= Micaela Ximénez de Frías Zayas Pizarro =

Micaela Ximénez de Frías Zayas Pizarro (23 January 1746 – 1815), was a Spanish courtier.
She was an influential favorite and confidant of the queen of Spain, Maria Luisa of Parma. She is perhaps most known for having exposed Alejandro Malaspina's plot against the queen and Manuel Godoy in 1795.

==Life and career==

Micaela Ximénez de Frías Zayas Pizarro was born to Francisco Ximénez de Frías y del Rey and Josefa María Pizarro y Zayas. She married the nobleman, marshall and official José García de León y Pizarro, governor of Quito, with whom she had four children, among them José García de León y Pizarro.

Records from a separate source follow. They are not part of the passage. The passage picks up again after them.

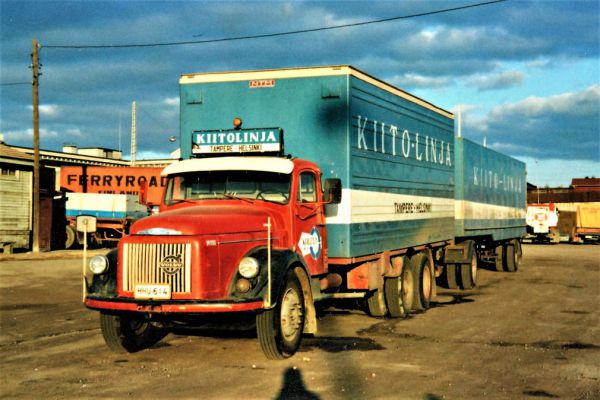 Volvo N88
Linja-Kuljetus Oy
     Tampere

Nokkamallin Volvot ja Scaniat  olivat hallitseva näky kappaletavaran  ajossa vielä 1970-luvun alkupuolella.  
Avainsanat: Volvo Kiitolinja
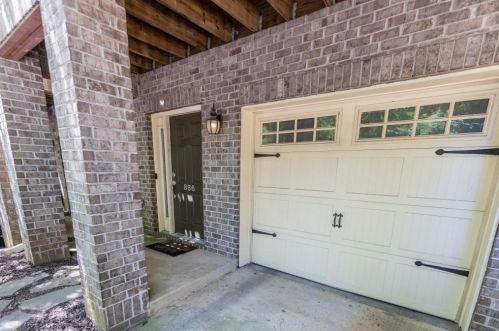 886 Commonwealth Ave, Atlanta GA 30312-3663 exterior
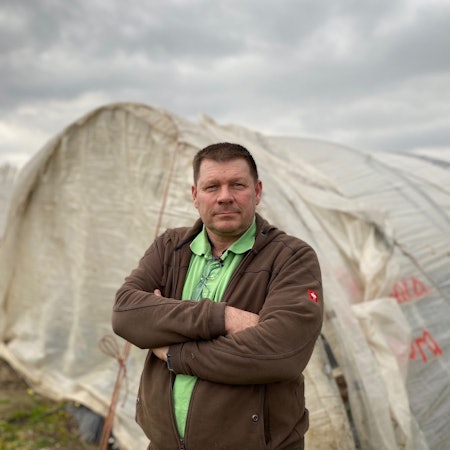 Zu sehen ist Landwirt Christian Boley vor Folientunnels.
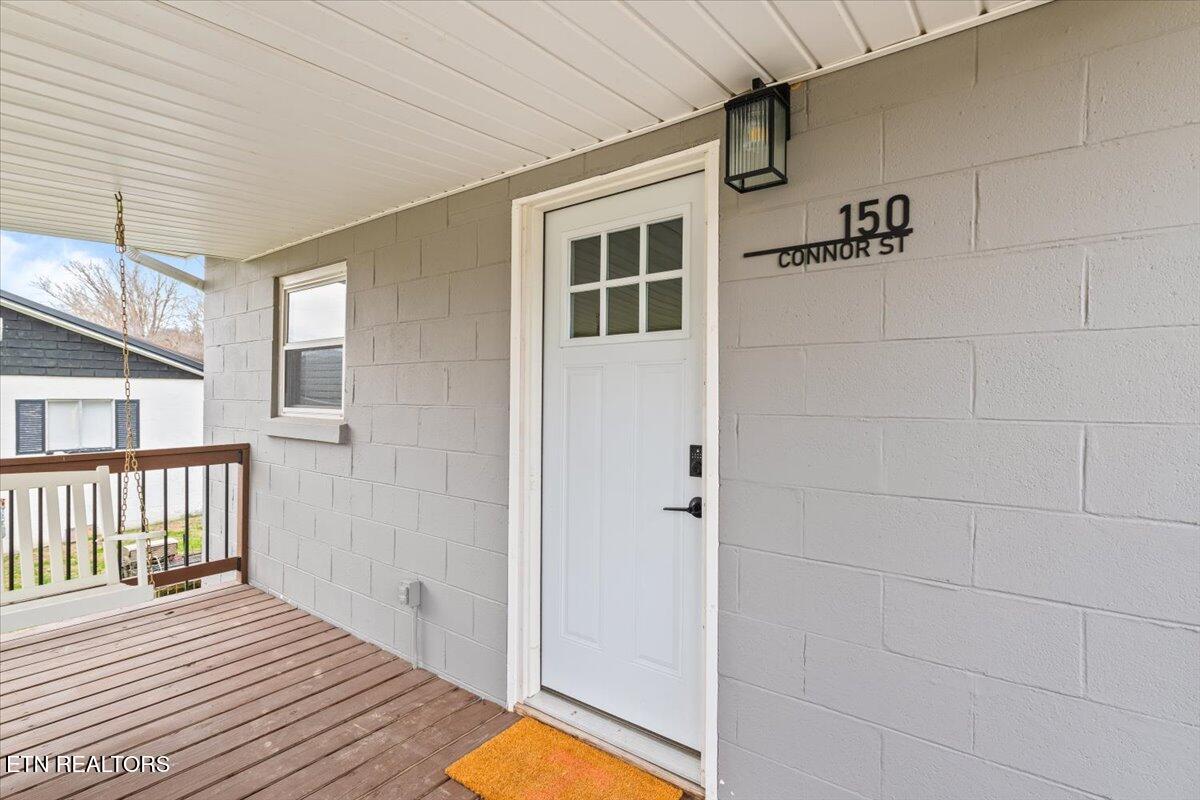 150 Connor Street Jacksboro, TN 37757 - Photo 3 of 21 06-Connor St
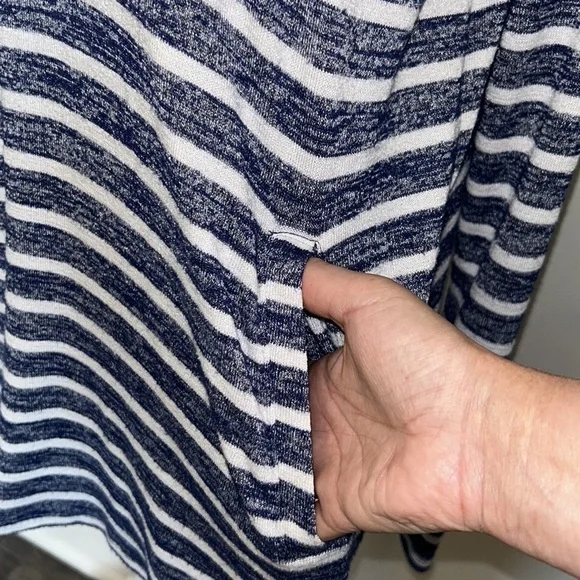 Banana Republic Luxespun Striped Hoodie Size Medium​​​​ - Picture 6 of 9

She attended the royal court in between accompanying her husband to his different posts. Due to the status of her own family, her husband's family, and her husband's personal career, she was formally appointed lady-in-waiting for the Crown Princess, Maria Luisa of Parma, in 1769.
She managed to aquire considerable influence at court as the personal friend and confidante of Maria Luisa, especially after Maria Luisa became queen in 1788.
She used her contacts to benefit the career of her son José García, who became a diplomat in 1790, and was appointed foreign minister in 1794.

Her influence was dependent on the queen and the queen's favorite Manuel Godoy, and she proved her loyalty to them. In 1795, Doña Micaela
exposed and thus prevented a plot against the queen and Godoy prepared by Alejandro Malaspina.
This act of loyalty further strengthened her position and influence at court. The career of her son José María, who became prime minister in 1812, is attributed to her influence.

Queen Luisa Maria lost her position and was exiled in 1808, which also terminated the position of Micaela Ximénez. She died in Madrid in 1815.